### Problem to work on
Leave the pictures in the listing below aside and reproduce exactly the lines starting with the one with "Let's dive in." and going on through the one with "A low tire pressure", both ends included.

── Provided data ──

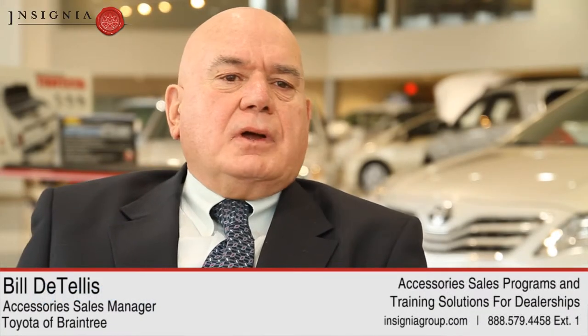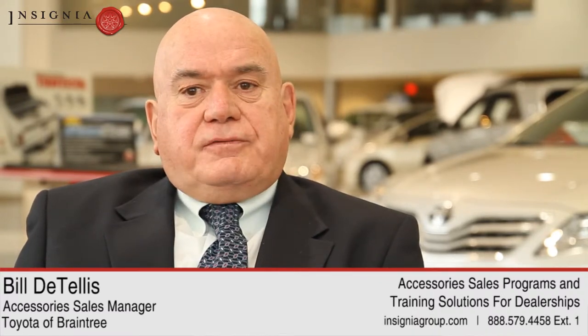Before we started the program, this dealership was doing $10,000 to $13,000 a month in accessory sales. As a matter of fact, the month before we started it was $6,000 and something. The first month that we put the major effort into this — that was February of this year — we did $52,000.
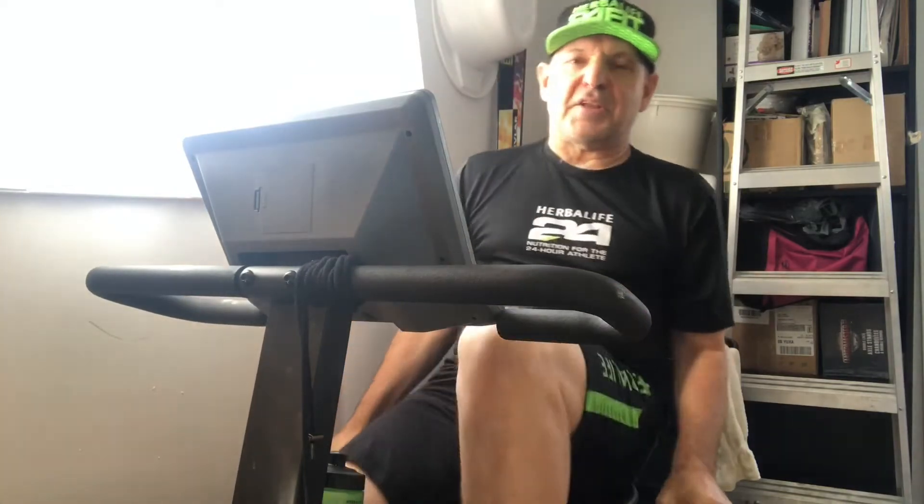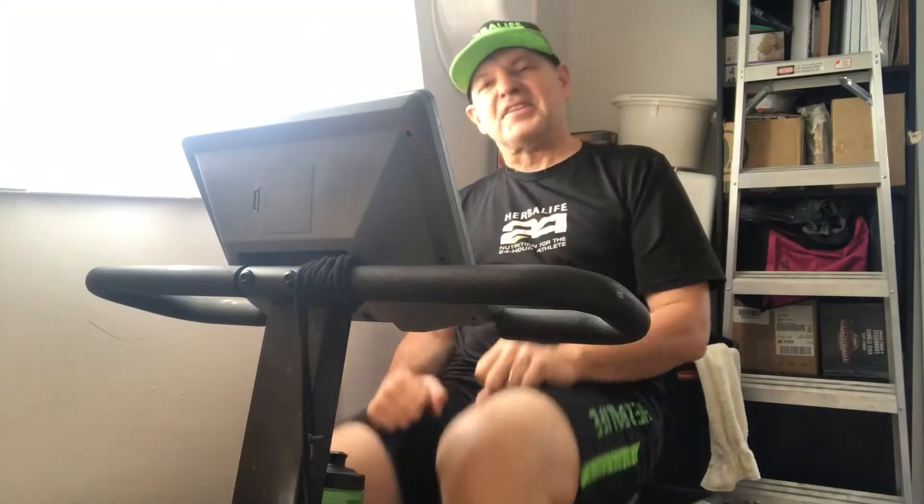We're doing about 30 minutes of exercise — you get a good workout here. I do some core exercises, push-ups, different variations of sit-ups, and other exercises with my Herbalife 24. Yeah, check it out.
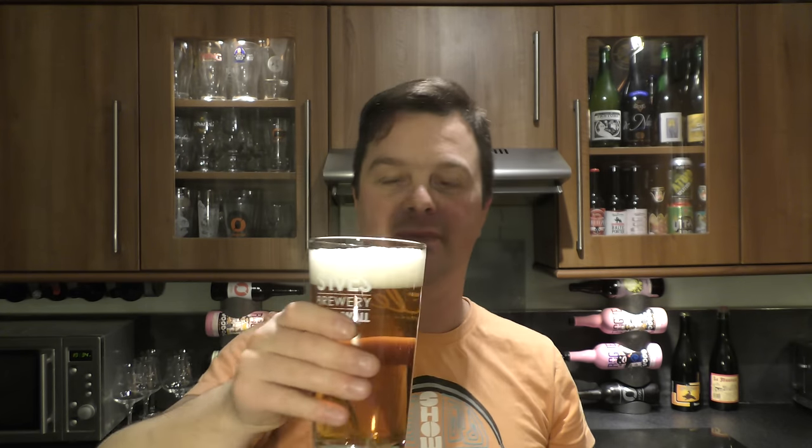Let's dive in. Cheers. Malty, bready, biscuity, slightly carbonated. Very drinkable. Quite a smooth beer — kind of goes down really well.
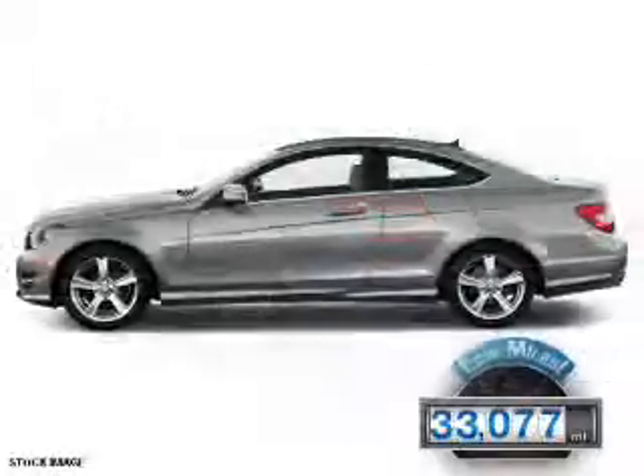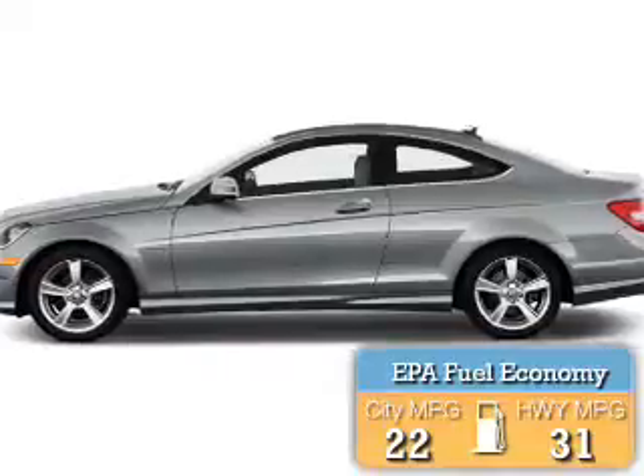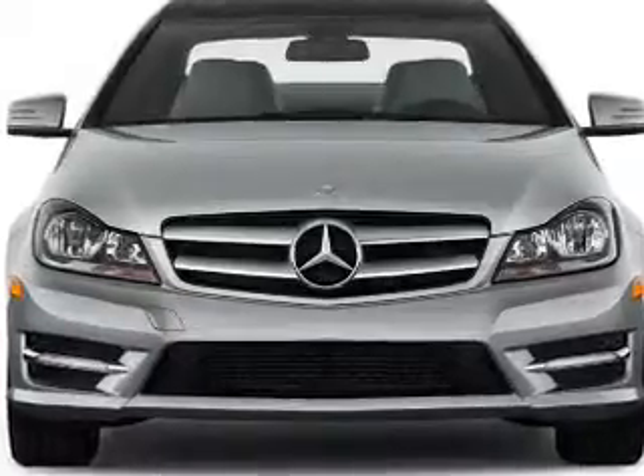With fewer than 35,000 miles, this vehicle has a long road ahead. Great fuel efficiency saves you money by requiring fewer trips to the gas station. The features include a power sunroof,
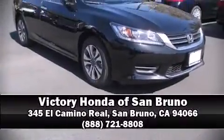Our sales staff will help you find the vehicle that you've been searching for. Stop by our dealership or give us a call for more information.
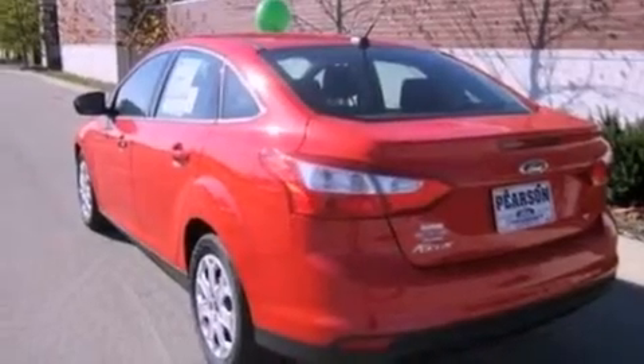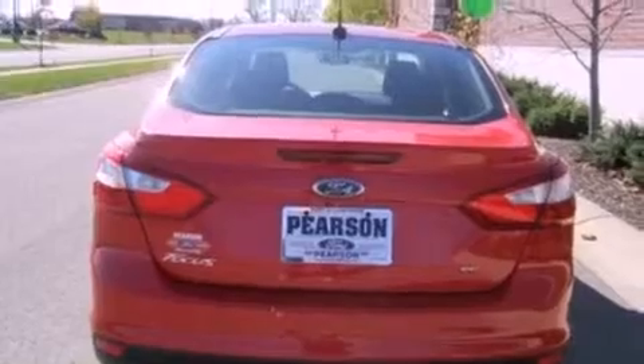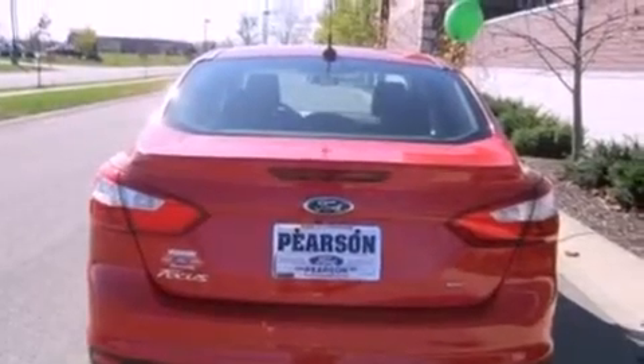A low tire pressure indicator. Traction control and stability control systems. Full power accessories. A CD player. A four-wheel independent suspension. Front fog lights.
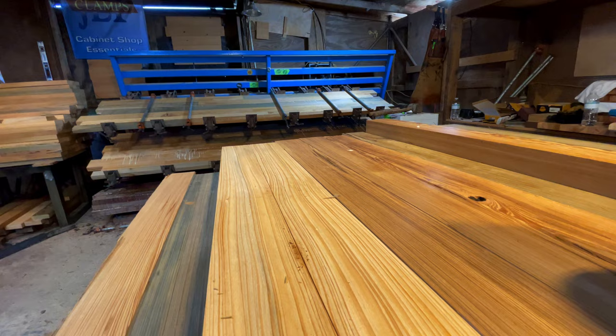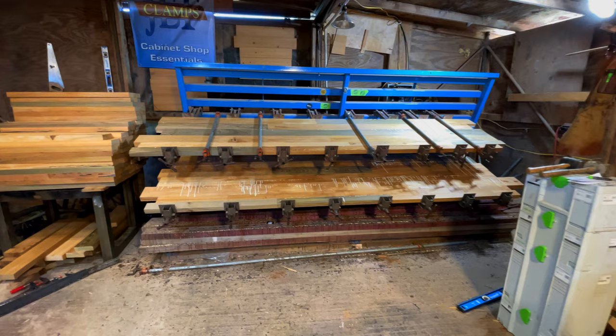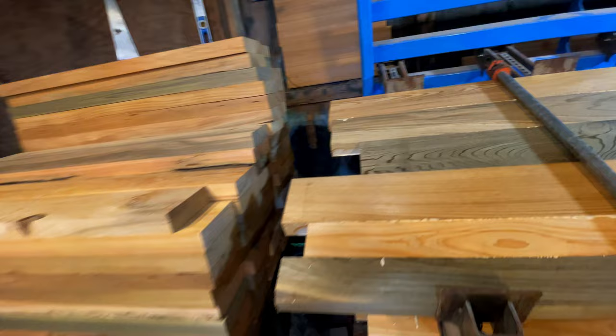We are making a hundred foot bar top out of this stack for the second time. It's very easy to work with and cuts like butter. However, sanding is a pain because the sawdust is very sticky.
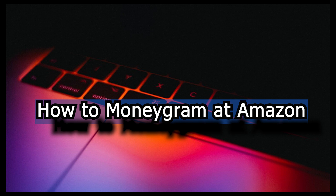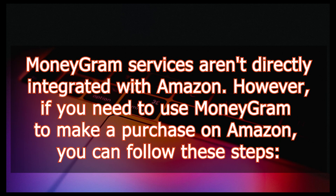How to MoneyGram at Amazon. MoneyGram services are not directly integrated with Amazon. However, if you need to use MoneyGram to make a purchase on Amazon, you can follow these steps.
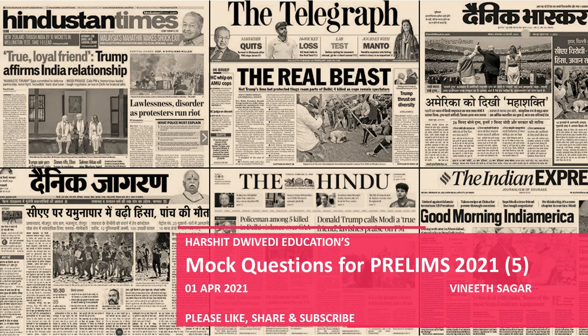Hello friends. Welcome to the Mock Questions for PLUMS 2021. My name is Vinit Sagar. 1 April 2021. Please press the like button. If you don't subscribe to the channel, please press the subscribe button.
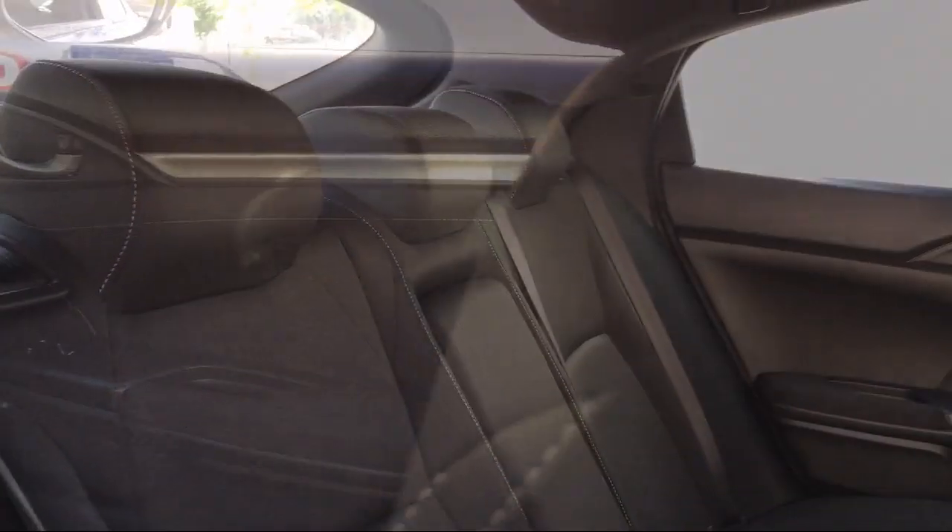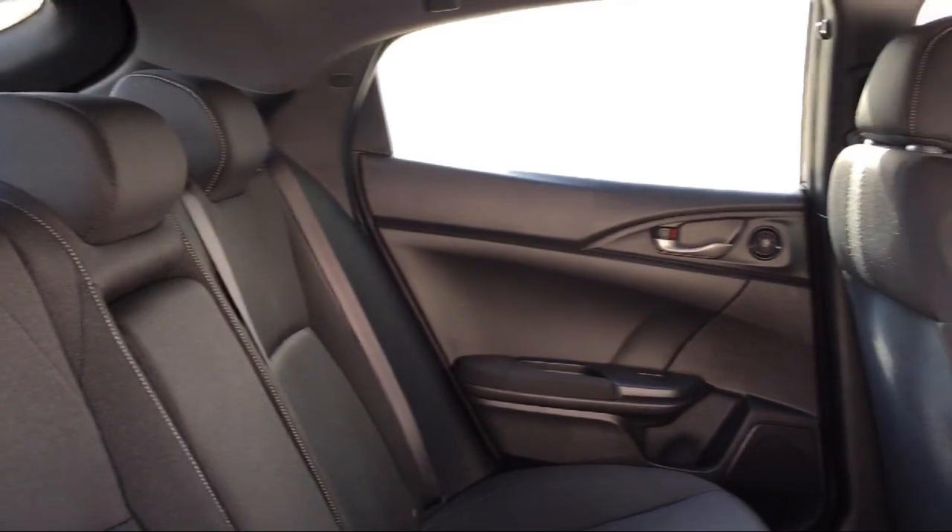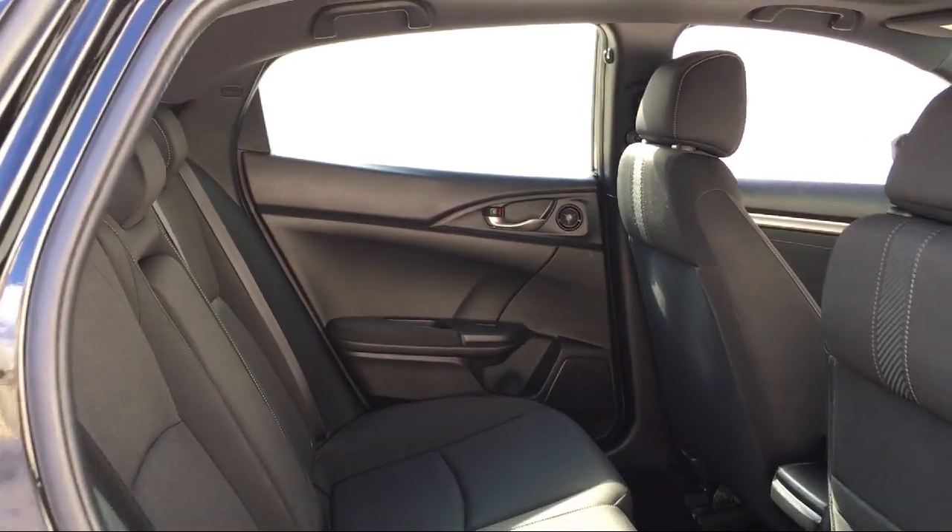So come visit us here at Honda of Oxnard — you'll be glad you did. We're located at 1500 Ventura Boulevard in the Oxnard Auto Center.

───

### Task response
Let's dive in. Cheers. Malty, bready, biscuity, slightly carbonated. Very drinkable. Quite a smooth beer — kind of goes down really well.
With fewer than 35,000 miles, this vehicle has a long road ahead. Great fuel efficiency saves you money by requiring fewer trips to the gas station. The features include a power sunroof,
Our sales staff will help you find the vehicle that you've been searching for. Stop by our dealership or give us a call for more information.
A low tire pressure indicator. Traction control and stability control systems. Full power accessories. A CD player. A four-wheel independent suspension. Front fog lights.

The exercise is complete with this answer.